:: DATASET EXCERPTS

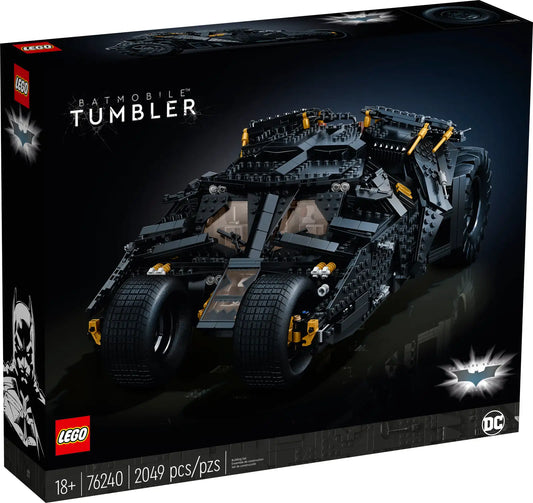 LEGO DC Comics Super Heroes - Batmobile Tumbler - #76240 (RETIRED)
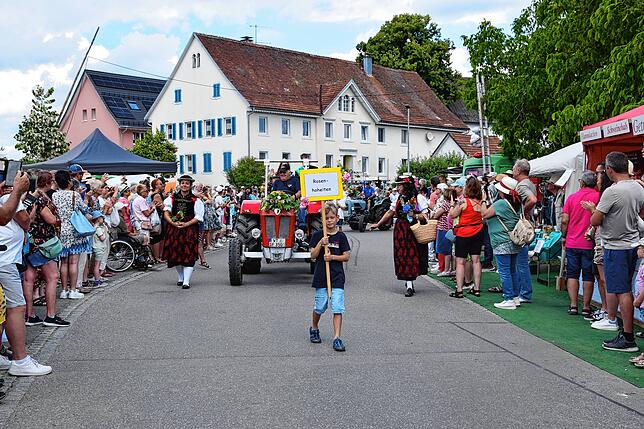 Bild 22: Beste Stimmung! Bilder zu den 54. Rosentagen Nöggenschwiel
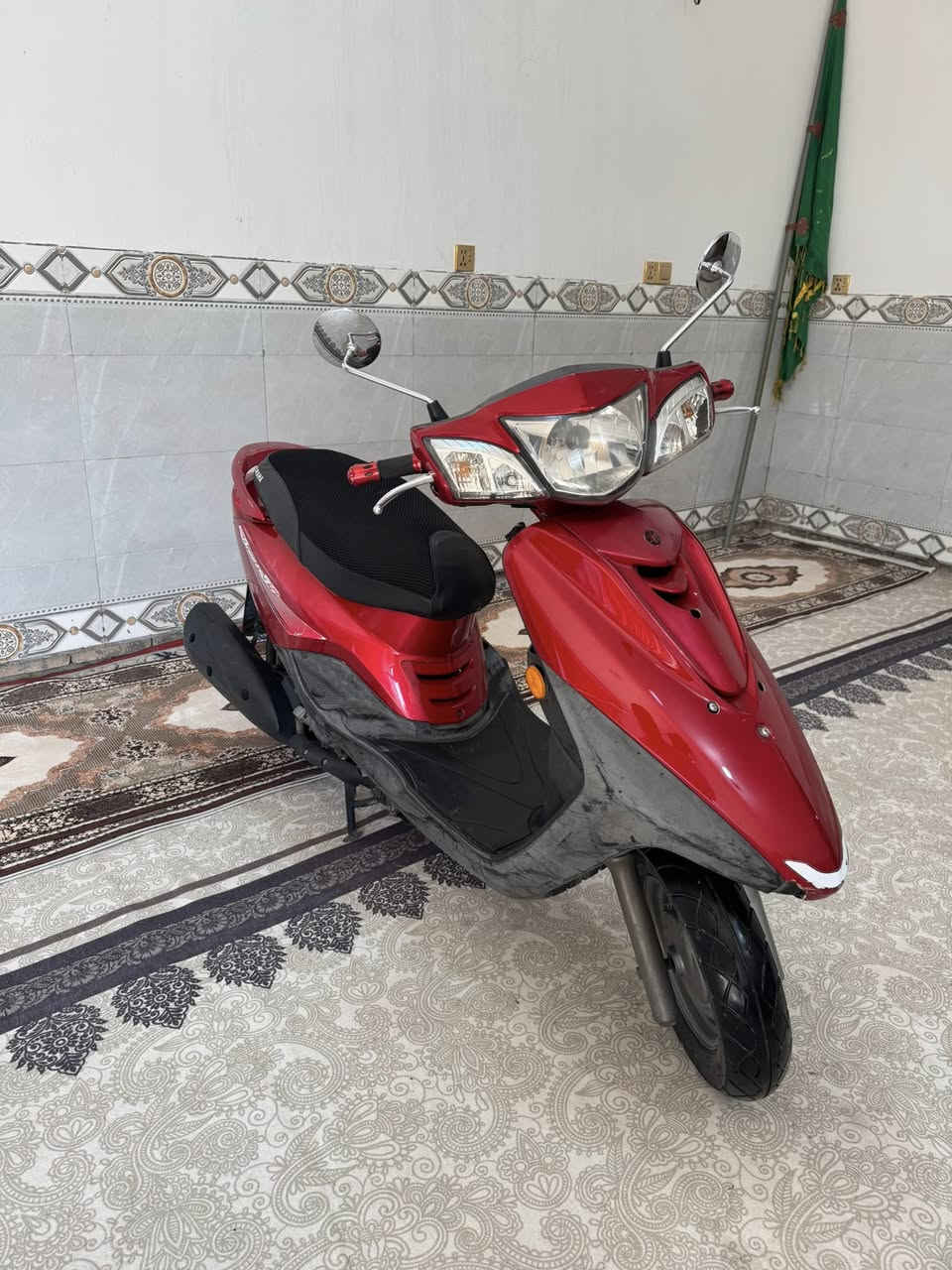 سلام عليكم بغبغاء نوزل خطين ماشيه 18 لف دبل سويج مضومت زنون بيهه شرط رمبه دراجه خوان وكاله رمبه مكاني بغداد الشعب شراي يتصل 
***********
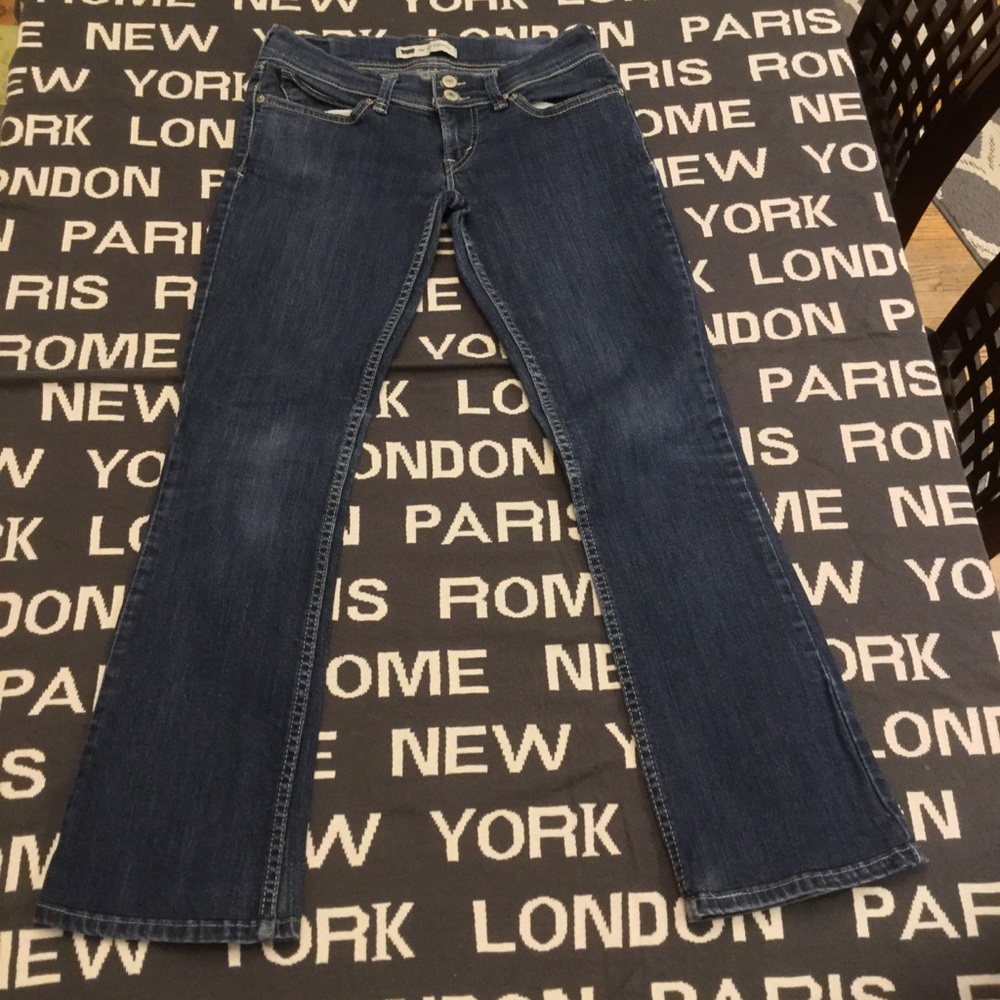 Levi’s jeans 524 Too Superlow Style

::::

## WHAT TO DO
Repeat the lines above precisely and skip every picture.

## ANSWER BOX
 LEGO DC Comics Super Heroes - Batmobile Tumbler - #76240 (RETIRED)
 Bild 22: Beste Stimmung! Bilder zu den 54. Rosentagen Nöggenschwiel
 سلام عليكم بغبغاء نوزل خطين ماشيه 18 لف دبل سويج مضومت زنون بيهه شرط رمبه دراجه خوان وكاله رمبه مكاني بغداد الشعب شراي يتصل 
***********
 Levi’s jeans 524 Too Superlow Style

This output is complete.